2.1 The Lisbon Treaty and Constitutional Developments in the EU

In 2004, two failed referendums in France and the Netherlands marked the early end of the ambitious EU Constitutional Treaty (or the Treaty establishing a Constitution for Europe). Not very long after this, the Lisbon Treaty was signed on December 13, 2007 and entered into force on December 1st 2009. The Lisbon Treaty was presented by its authors –the EU Member States- as an amending Treaty of the founding Treaties of the EU that aimed to introduce only an ‘incremental change’ (Cremona, 2012, p. 40) and not the complete new legal framework that the Constitutional Treaty proposed. However, the Lisbon Treaty represents an important new departure for the EU (Berman, 2012, p. 3) and marked a new era for the EU constitutional and human rights framework in general and the right to data protection in particular.

The pre-Lisbon EU constitutional framework was built-up on the so-called three –pillar system: the first encompassed the European Community (EC) Treaty and Euratom (and formerly the Coal and Steel Community); the second the provisions on Common Foreign and Security Policy (CFSP); and the third the provisions on Police and Judicial Cooperation in Criminal Matters (PJC). The pillar structure was considered very problematic as the different pillars were comprised of different rules concerning institutions, decision-making instruments and procedures, decision-making powers, judiciary competences and the protection of human rights and fundamental freedoms (Dougan, 2007, p. 617). The Lisbon Treaty abolished the pillar system of the EU. It amended the Treaty on the European Union (TEU) and the EC Treaty by renaming the latter the Treaty on the Functioning of the EU (TFEU). Essentially, the provisions of the former first and third pillars are now found in the TFEU, while the ‘distinctive’ rules relating to the CFSP are found in the TEU. These amendments have major implications for the right to data protection that will be discussed in detail below.

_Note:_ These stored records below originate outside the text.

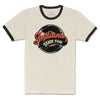Indiana State Fair Record Ringer Tee ***CLEARANCE***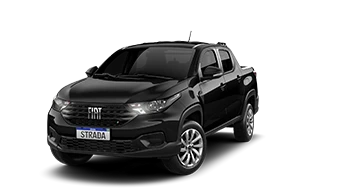 NOVA STRADA STRADA FREEDOM CABINE DUPLA 1.3 FLEX 2027 1.3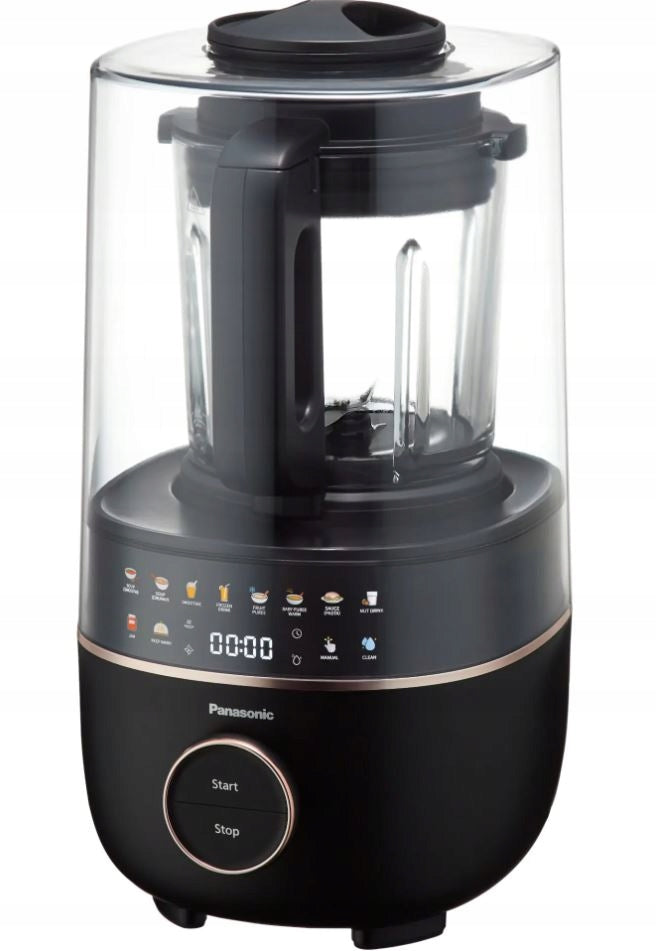 Panasonic MX-HG4401KXE stand mixer 2 l 800 W 9 programs timer Brand Panasonic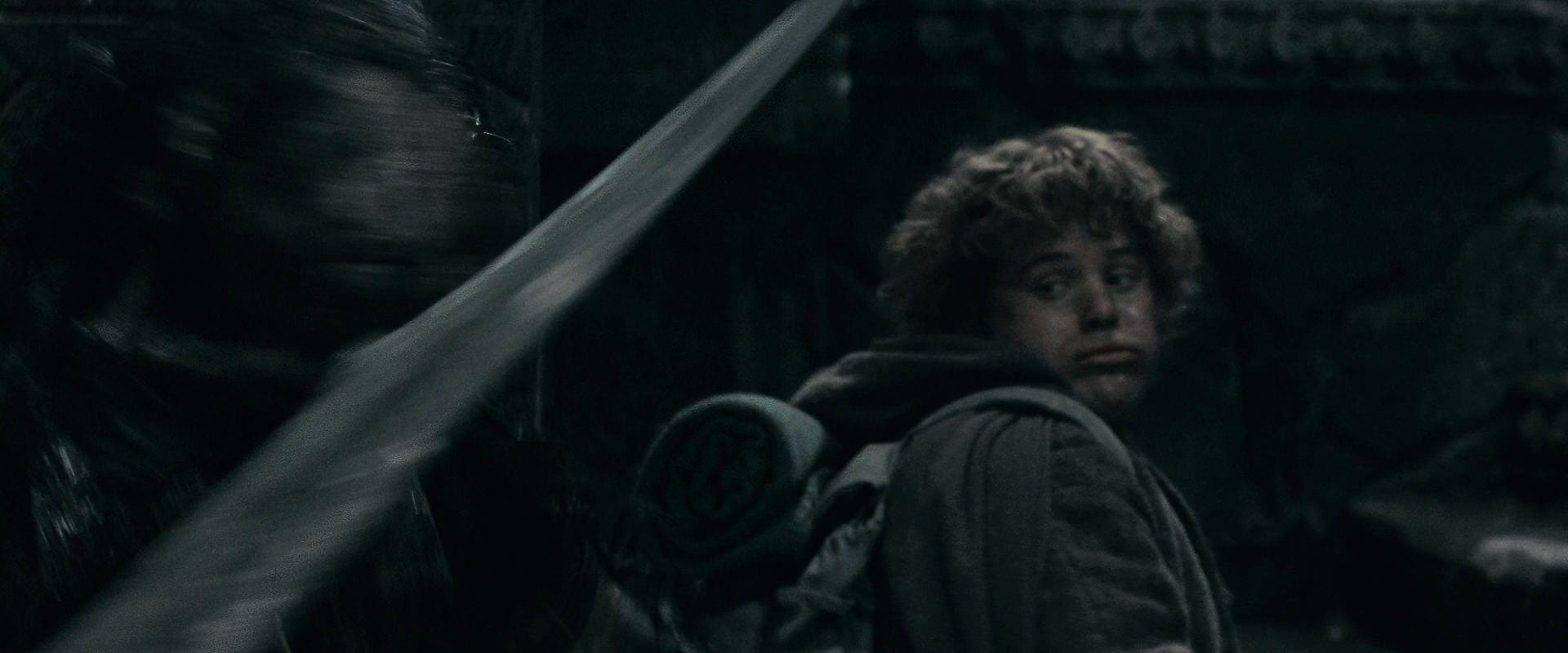 The Lord of the Rings: The Fellowship of the Ring (2001) HD screenshot 16151
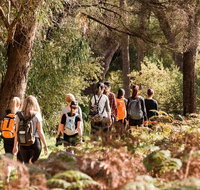Half-Day Yanchep Ghost House Wilderness Guided Hike Tour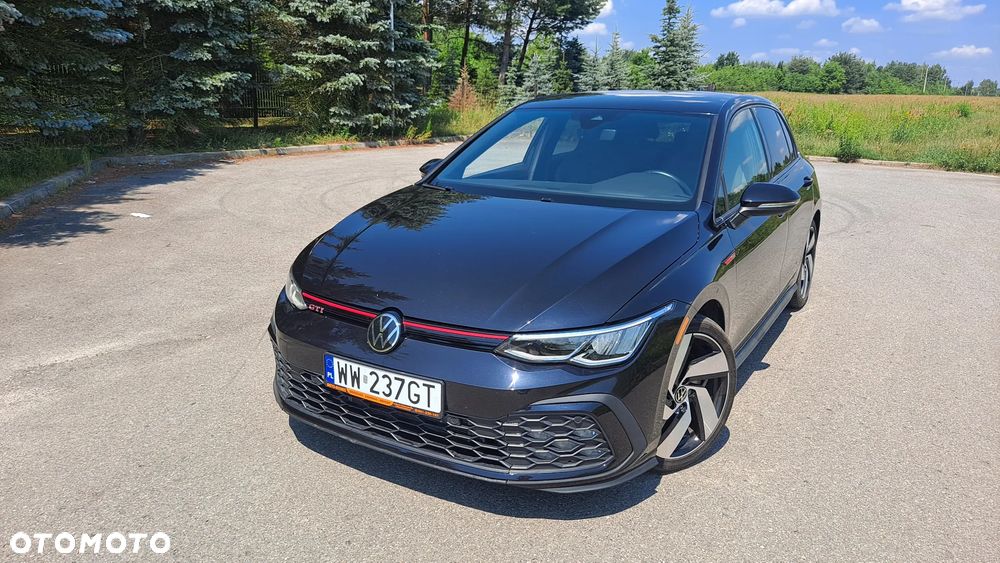 Volkswagen Golf 2.0 TSI BMT GTI Performance - 1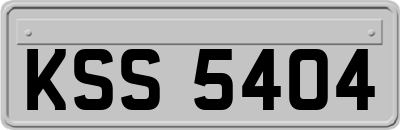 KSS5404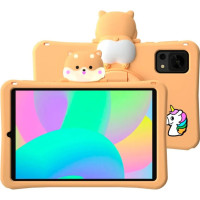 Планшет Doogee T20 mini Kids 8.4" 4/128GB LTE Yellow (6924351657185)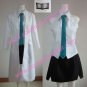 Miku Cosplay (Karakuri &aring;�� Burst) from Vocaloid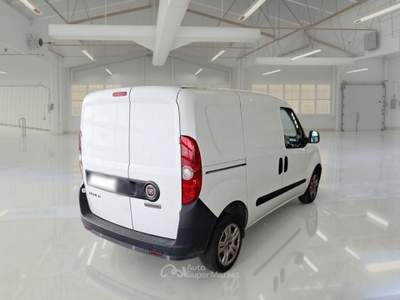 Fiat Doblò FIAT DOBLO CARGO CH1 LOUNGE 1.3 Mjet 95cv E6D S&S usata Firenze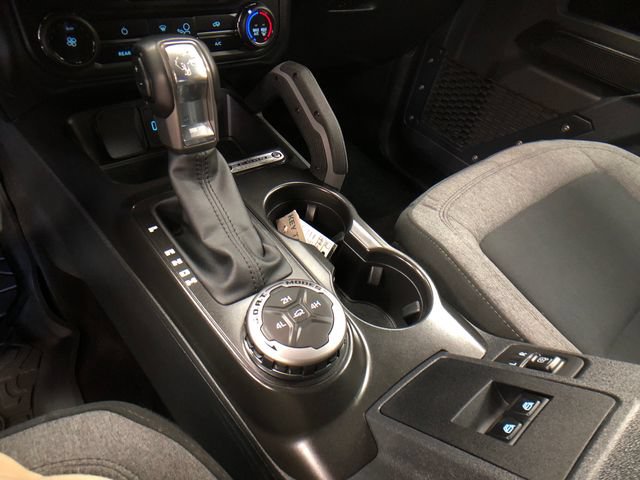 Certified 2023 Ford Bronco Big Bend AWD/4WD image 17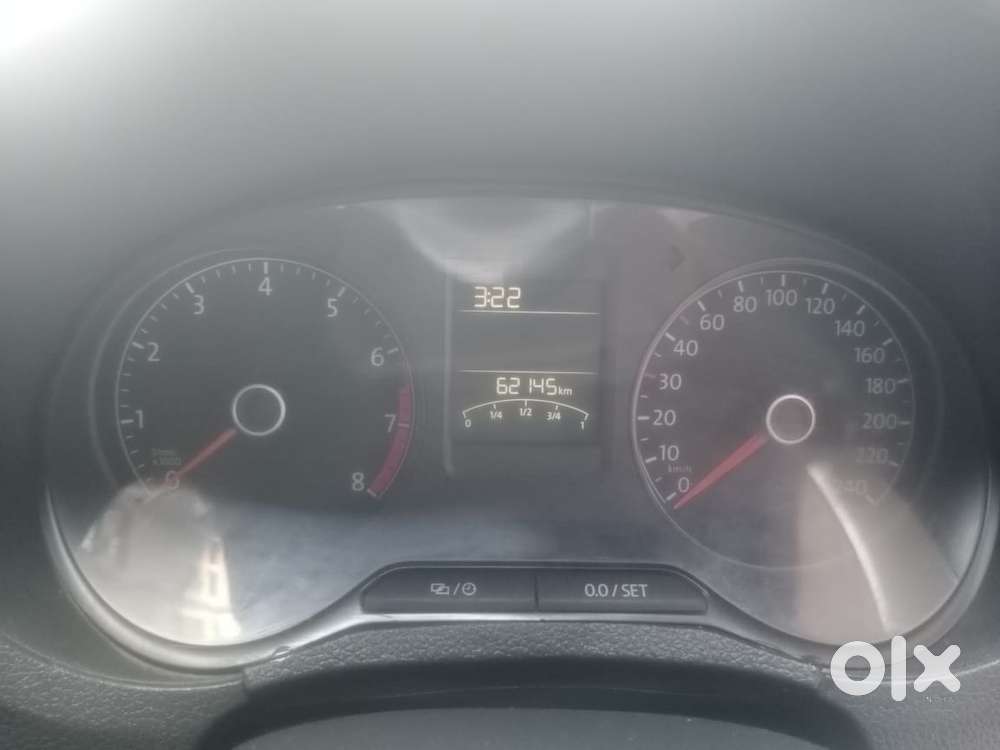 Volkswagen Polo Gti, 2018, Petrol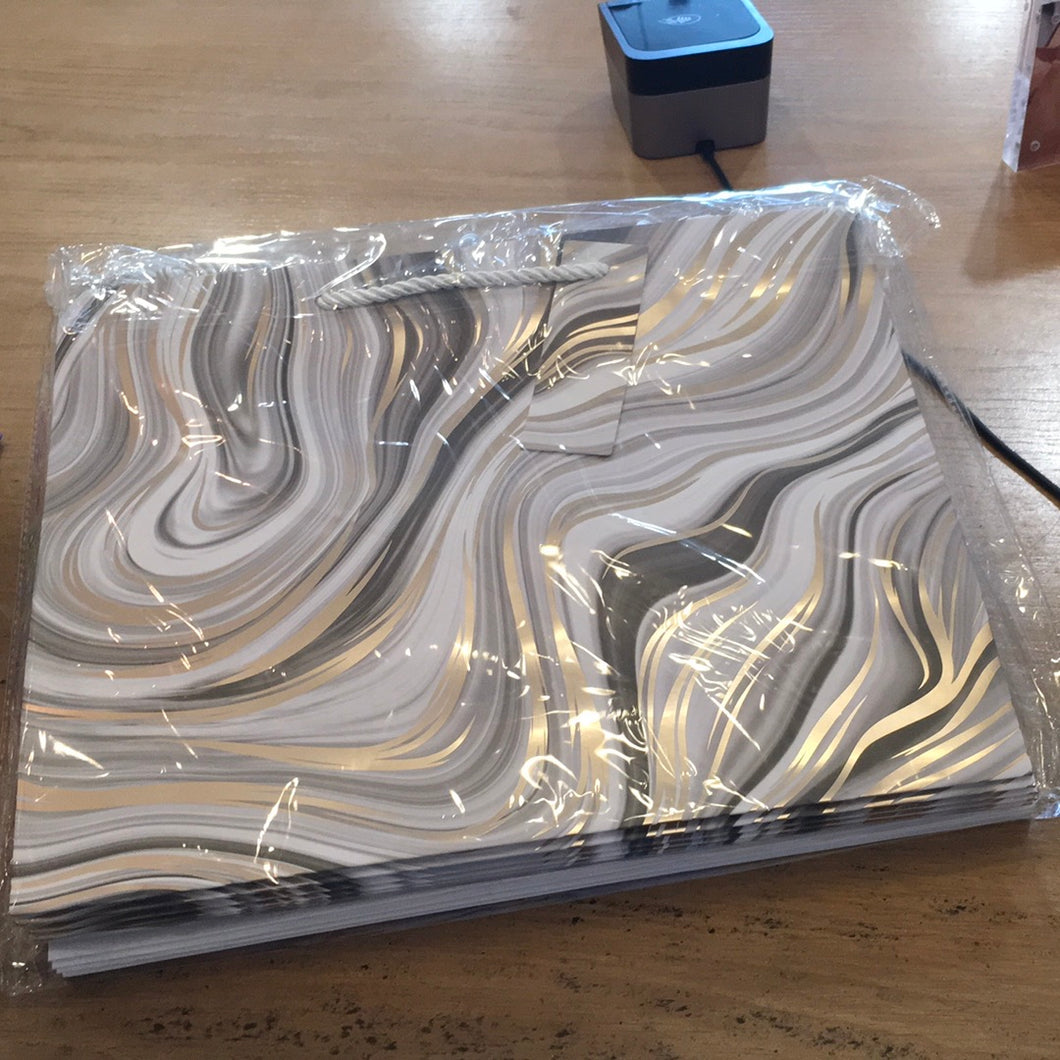 Jillson Roberts Medium Swirl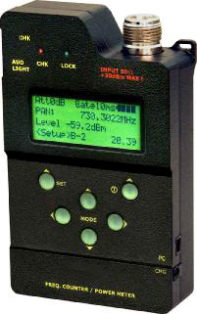 direct finder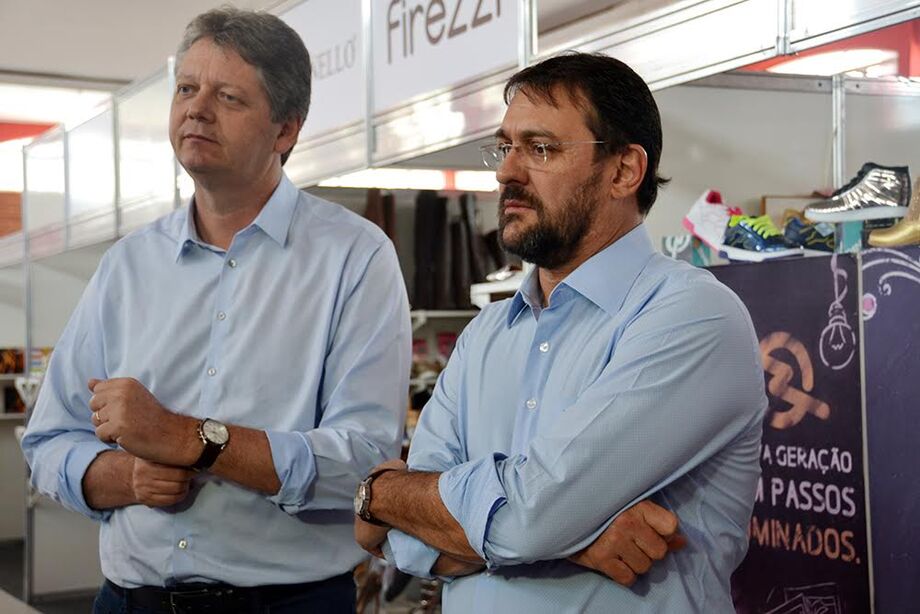 O presidente da Fiems lembrou ainda que o setor industrial enfrenta dificuldades em nível nacional, mas MS manteve um diferencial positivo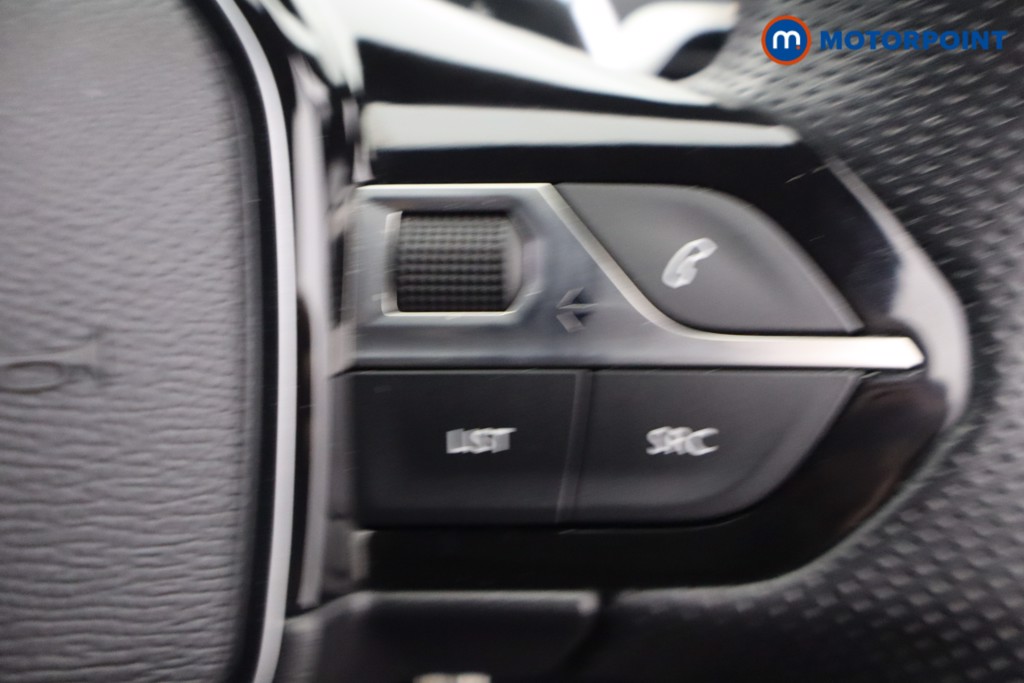 Peugeot 3008 GT Automatic Petrol SUV - Stock Number (1655786) - 12th supplementary image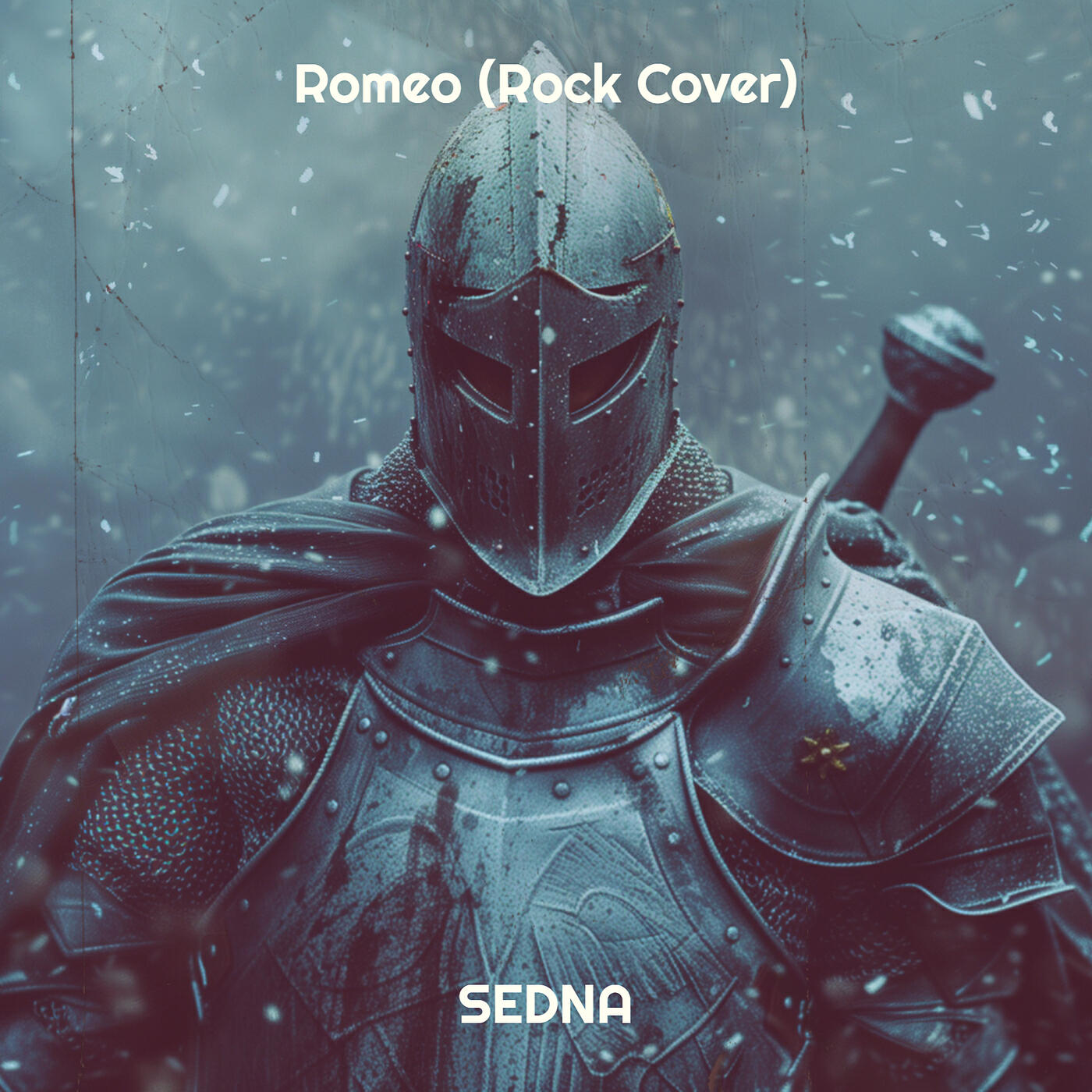 Релиз Romeo (Rock Cover)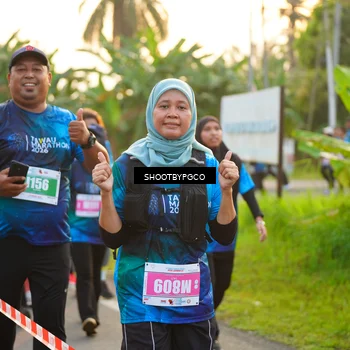Runner Photo 4443807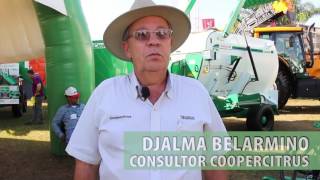 TV Casale - Coopercitrus e a parceria de longa data com a Casale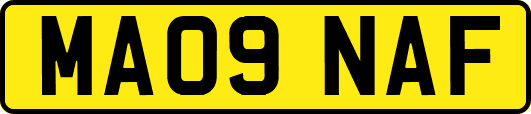 MA09NAF
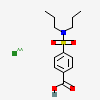 an image of a chemical structure CID 137404674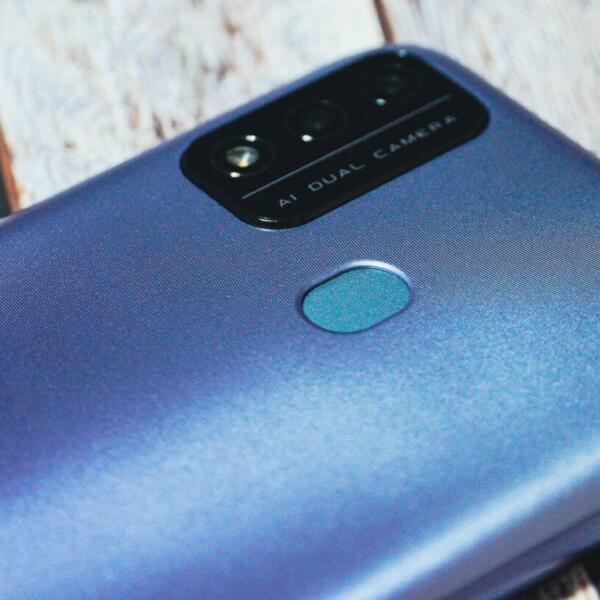 Обзор Samsung Galaxy Z Flip 3: складной смартфон для стильных (itel A48 21)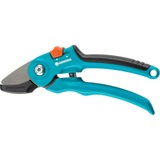 GARDENA Classic Snoeischaar A/S Turquoise, 8855-20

At this point before the analysis moves on to discuss data protection in the post-Lisbon era, one further major development introduced by the Lisbon Treaty should be mentioned. The EU Charter of Fundamental Rights (EUCFR) was given legal force by the Lisbon Treaty and is now incorporated into European constitutional law (Anderson & Murphy, 2012, p. 155). The Charter, which constitutes the EU’s own written bill of rights, enjoys now the same legal value as the Treaties. In fact, the Lisbon Treaty recognizes in Article 6 TEU three formal sources for EU human rights law: the first is the EUCFR, the second is the accession of the EU to the European Convention for the Protection of Human Rights and Fundamental Freedoms (ECHR), and the third is the protection of fundamental rights as ‘general principles of EU law’ that have been developed by the European Court of Justice (ECJ) (now: Court of Justice of the EU (CJEU) over the years.